Revolut has obtained in-principle approval from Dubai’s Virtual Assets Regulatory Authority (VARA) to offer regulated crypto broker-dealer, management and investment, and exchange services in the United Arab Emirates. The authorization, announced on July 15, 2026, moves the global fintech closer to launching virtual asset products for its more than 75 million customers in the region.
Once final regulatory clearance is granted, Revolut intends to deliver these services through its Retail App and Revolut X exchange platform, enabling eligible UAE users to buy, sell, and hold digital assets within a fully licensed framework. The approval follows a separate milestone earlier this year, when the Central Bank of the UAE (CBUAE) awarded Revolut its stored value facilities and retail payment services licences, completing a licensing cycle that began with in-principle approval in September 2025.
Joseph Khair, Head of Revolut Digital Assets FZE, UAE, emphasized that the nod reflects the UAE’s “global leadership in establishing a robust and transparent framework” for virtual assets and will support VARA’s goal of fostering a safe, innovation-driven ecosystem. The expansion positions the UAE alongside the UK and the European Economic Area as a core crypto market for Revolut, which already serves over 16 million crypto customers worldwide.

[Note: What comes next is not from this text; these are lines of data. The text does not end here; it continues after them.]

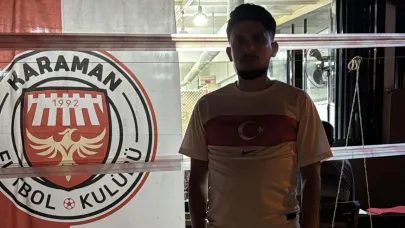 Zenginoğlu: Yine omuz omuza duralım. Yine “Karaman yalnız değildir” diyelim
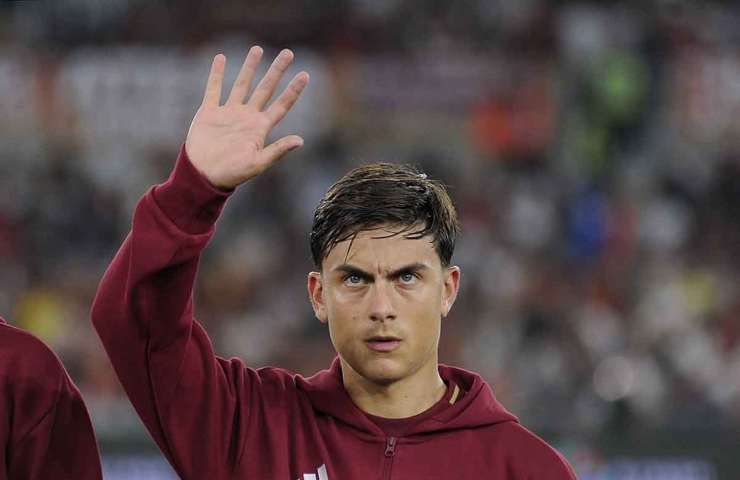 Dybala Argentina motivo convocazione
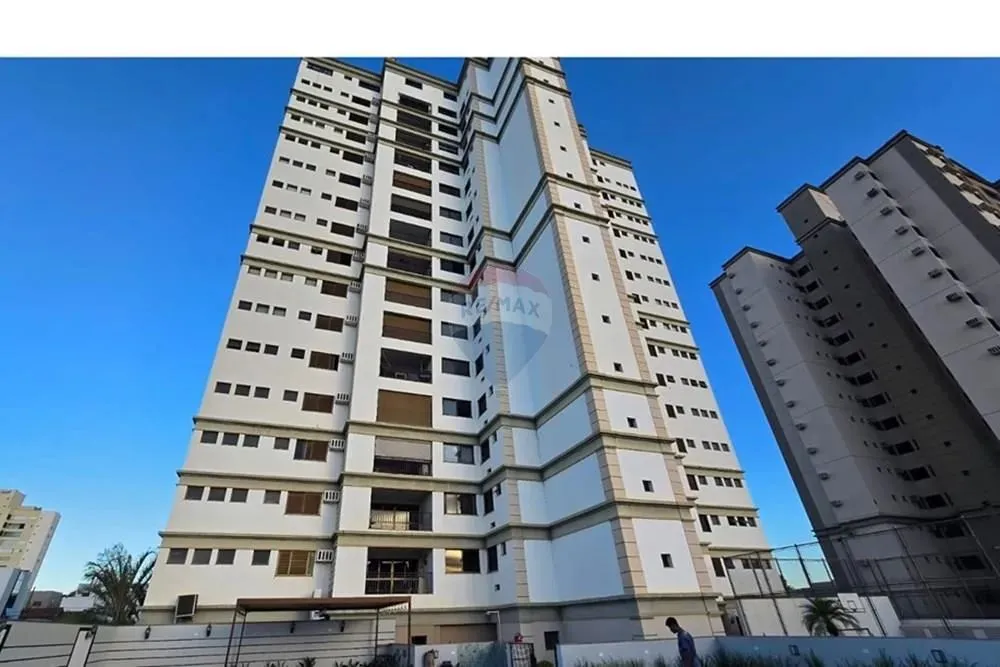 APARTAMENTO EM RONDONÓPOLIS MT COM 4 SUÍTES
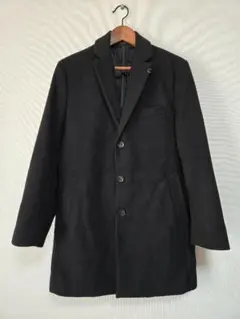 INHERIT ダークグレー テーラードジャケット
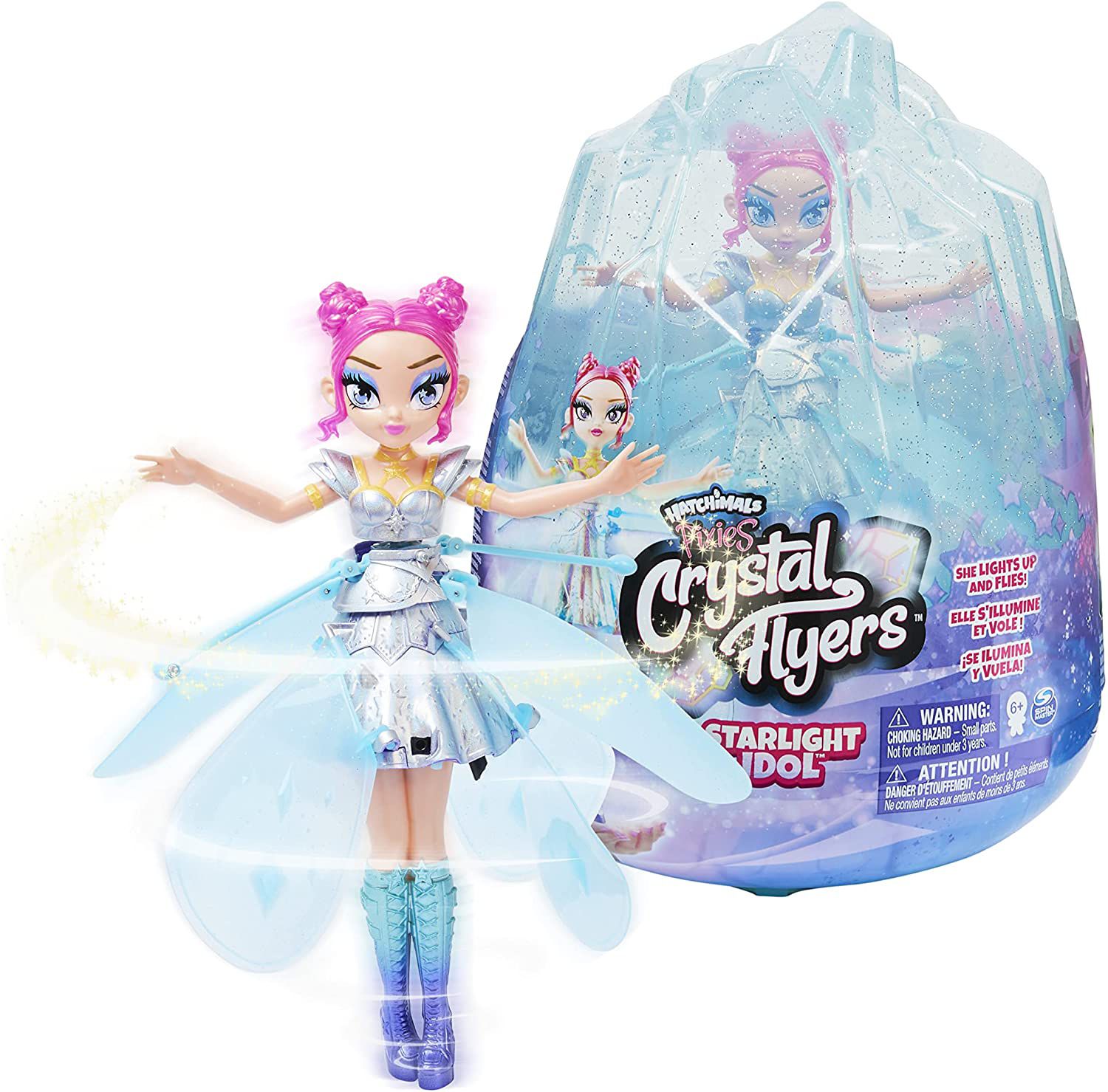 Hatchimals Pixies Crystal Flyers
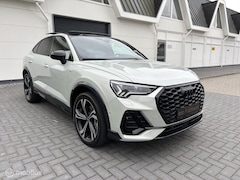 Audi Q3 Sportback - 45 TFSI e S Edition Panodak B&O Matrix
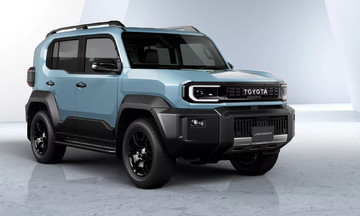 Toyota Land Cruiser FJ set to launch in Southeast Asia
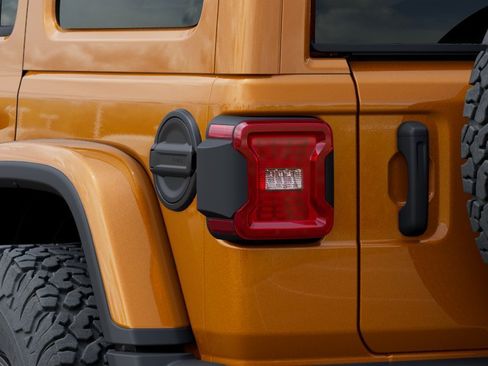 New 2026 Jeep Wrangler Unlimited Rubicon AWD/4WD image 35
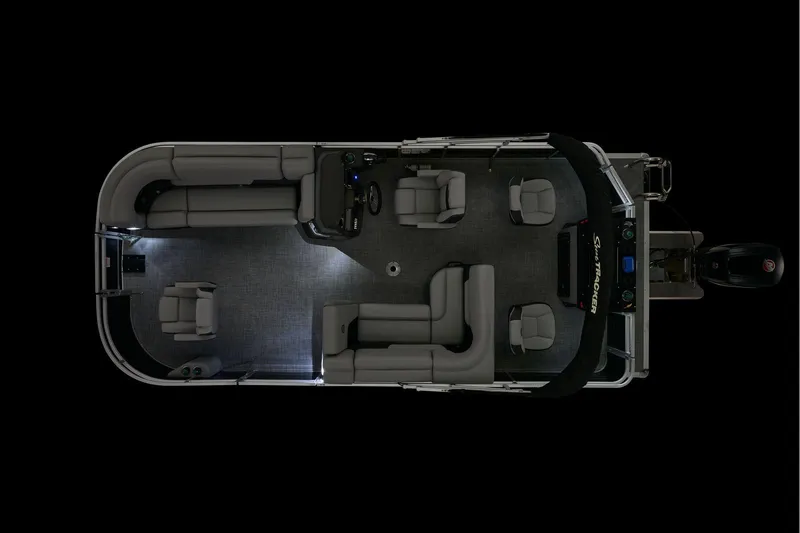 Slide: The Image of Sun Tracker SportFish 20 DLX 2026 - 16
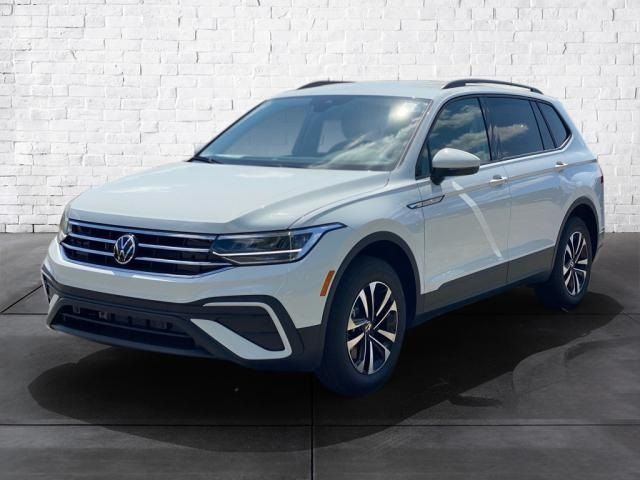 2024 Volkswagen Tiguan S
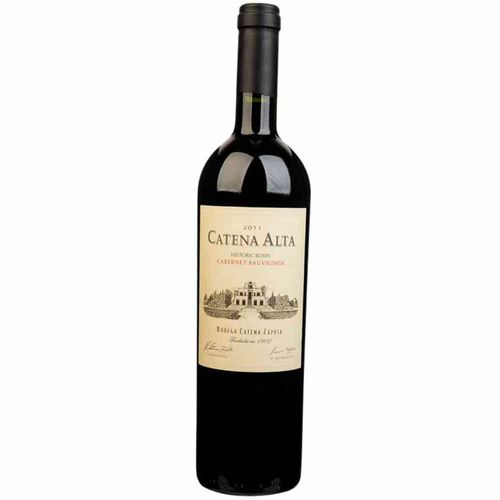 Vino CATENA Alta Cabernet Sauvignon Botella 750ml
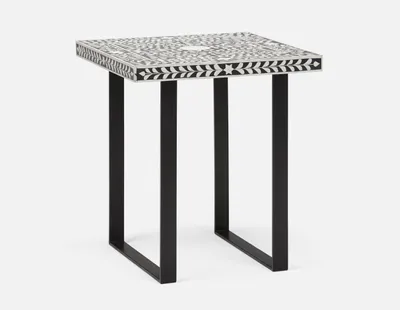 ESTHER end table 60 cm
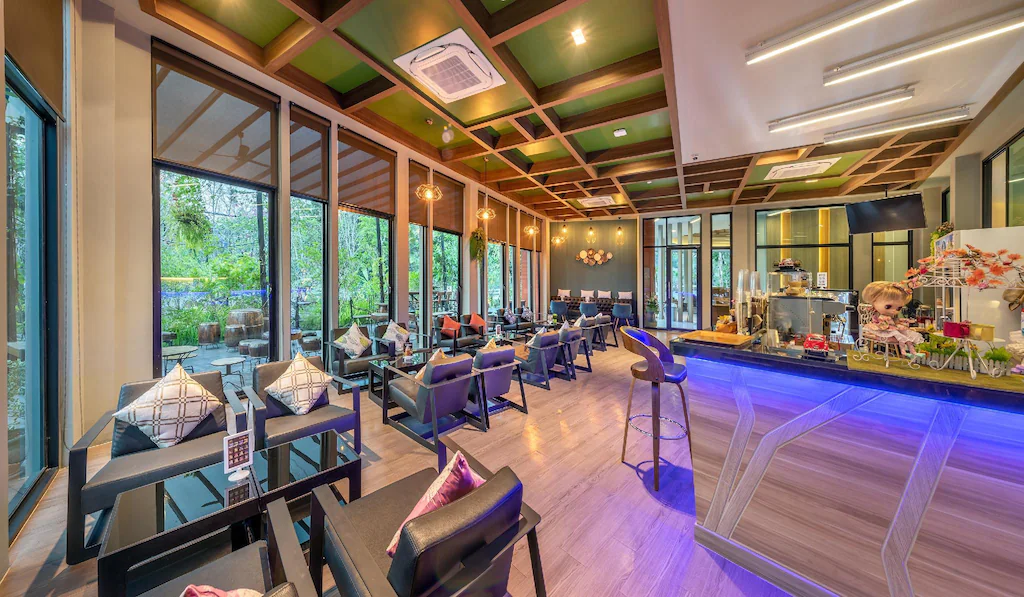  แอท ไรช์ รีสอร์ท
(At Rice Resort)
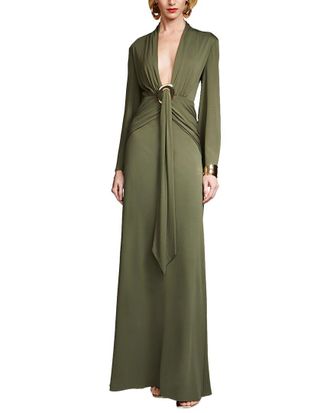 Halston Heritage Ahano Gown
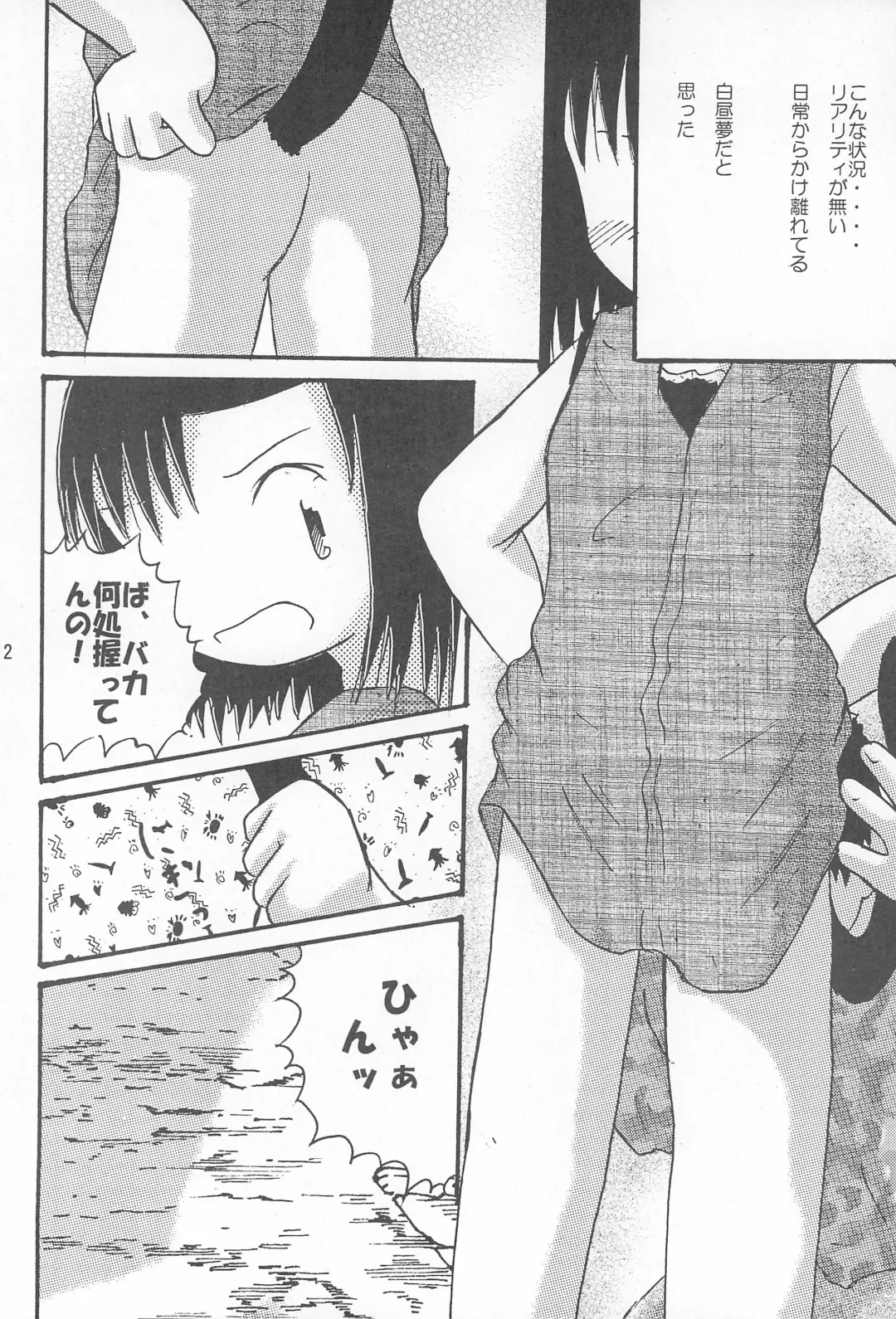 [Ikariya Koubou] Nekomimi Kanwa Sono Ni Fhentai - Page 12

Meanwhile, the timing coincides with stricter MiCA enforcement in Europe. The transitional period for Markets in Crypto-Assets ended on July 1, 2026, and EU regulators are stepping up oversight. The Authority for Anti-Money Laundering (AMLA) warned firms to maintain robust AML controls during customer migrations, while the European Securities and Markets Authority (ESMA) launched a coordinated review of MiCA-authorized crypto custodians on July 11. Revolut’s European operation itself is adjusting under MiCA, planning to reject new USDT deposits from July 30 and eventually remove the stablecoin under its Cypriot licence.